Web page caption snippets
________________

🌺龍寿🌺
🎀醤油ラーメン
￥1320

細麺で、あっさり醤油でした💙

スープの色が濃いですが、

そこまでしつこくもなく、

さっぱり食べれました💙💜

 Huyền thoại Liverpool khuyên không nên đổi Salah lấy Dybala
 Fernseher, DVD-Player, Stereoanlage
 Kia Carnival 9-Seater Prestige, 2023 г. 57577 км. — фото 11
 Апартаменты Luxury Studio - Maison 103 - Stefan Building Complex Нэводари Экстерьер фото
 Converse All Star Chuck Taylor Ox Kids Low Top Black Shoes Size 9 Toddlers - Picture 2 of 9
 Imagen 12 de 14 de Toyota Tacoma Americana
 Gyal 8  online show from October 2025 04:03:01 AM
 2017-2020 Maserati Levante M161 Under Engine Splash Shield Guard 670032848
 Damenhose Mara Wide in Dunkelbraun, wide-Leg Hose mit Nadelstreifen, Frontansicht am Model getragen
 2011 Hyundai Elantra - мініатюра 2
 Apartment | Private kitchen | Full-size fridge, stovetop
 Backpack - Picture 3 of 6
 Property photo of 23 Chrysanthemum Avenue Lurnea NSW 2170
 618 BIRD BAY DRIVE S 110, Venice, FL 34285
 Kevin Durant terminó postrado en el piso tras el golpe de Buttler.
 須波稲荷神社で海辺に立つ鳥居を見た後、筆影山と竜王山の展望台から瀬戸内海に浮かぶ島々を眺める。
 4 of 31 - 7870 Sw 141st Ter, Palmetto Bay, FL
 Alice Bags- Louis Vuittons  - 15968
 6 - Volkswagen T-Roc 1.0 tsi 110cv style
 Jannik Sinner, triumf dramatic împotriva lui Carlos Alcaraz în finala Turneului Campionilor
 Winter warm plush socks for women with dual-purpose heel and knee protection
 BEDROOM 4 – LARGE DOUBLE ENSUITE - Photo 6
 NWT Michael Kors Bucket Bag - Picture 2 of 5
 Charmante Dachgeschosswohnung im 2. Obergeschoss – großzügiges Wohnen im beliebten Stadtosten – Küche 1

________________

TASK GOAL -> Copy, please, every line from the start of the entries down to the line that holds "NWT Michael Kors Bucket Bag - Picture 2 of 5", with both of those lines included and no others.

RESPONSE TO THE TASK ->
🌺龍寿🌺
🎀醤油ラーメン
￥1320

細麺で、あっさり醤油でした💙

スープの色が濃いですが、

そこまでしつこくもなく、

さっぱり食べれました💙💜

 Huyền thoại Liverpool khuyên không nên đổi Salah lấy Dybala
 Fernseher, DVD-Player, Stereoanlage
 Kia Carnival 9-Seater Prestige, 2023 г. 57577 км. — фото 11
 Апартаменты Luxury Studio - Maison 103 - Stefan Building Complex Нэводари Экстерьер фото
 Converse All Star Chuck Taylor Ox Kids Low Top Black Shoes Size 9 Toddlers - Picture 2 of 9
 Imagen 12 de 14 de Toyota Tacoma Americana
 Gyal 8  online show from October 2025 04:03:01 AM
 2017-2020 Maserati Levante M161 Under Engine Splash Shield Guard 670032848
 Damenhose Mara Wide in Dunkelbraun, wide-Leg Hose mit Nadelstreifen, Frontansicht am Model getragen
 2011 Hyundai Elantra - мініатюра 2
 Apartment | Private kitchen | Full-size fridge, stovetop
 Backpack - Picture 3 of 6
 Property photo of 23 Chrysanthemum Avenue Lurnea NSW 2170
 618 BIRD BAY DRIVE S 110, Venice, FL 34285
 Kevin Durant terminó postrado en el piso tras el golpe de Buttler.
 須波稲荷神社で海辺に立つ鳥居を見た後、筆影山と竜王山の展望台から瀬戸内海に浮かぶ島々を眺める。
 4 of 31 - 7870 Sw 141st Ter, Palmetto Bay, FL
 Alice Bags- Louis Vuittons  - 15968
 6 - Volkswagen T-Roc 1.0 tsi 110cv style
 Jannik Sinner, triumf dramatic împotriva lui Carlos Alcaraz în finala Turneului Campionilor
 Winter warm plush socks for women with dual-purpose heel and knee protection
 BEDROOM 4 – LARGE DOUBLE ENSUITE - Photo 6
 NWT Michael Kors Bucket Bag - Picture 2 of 5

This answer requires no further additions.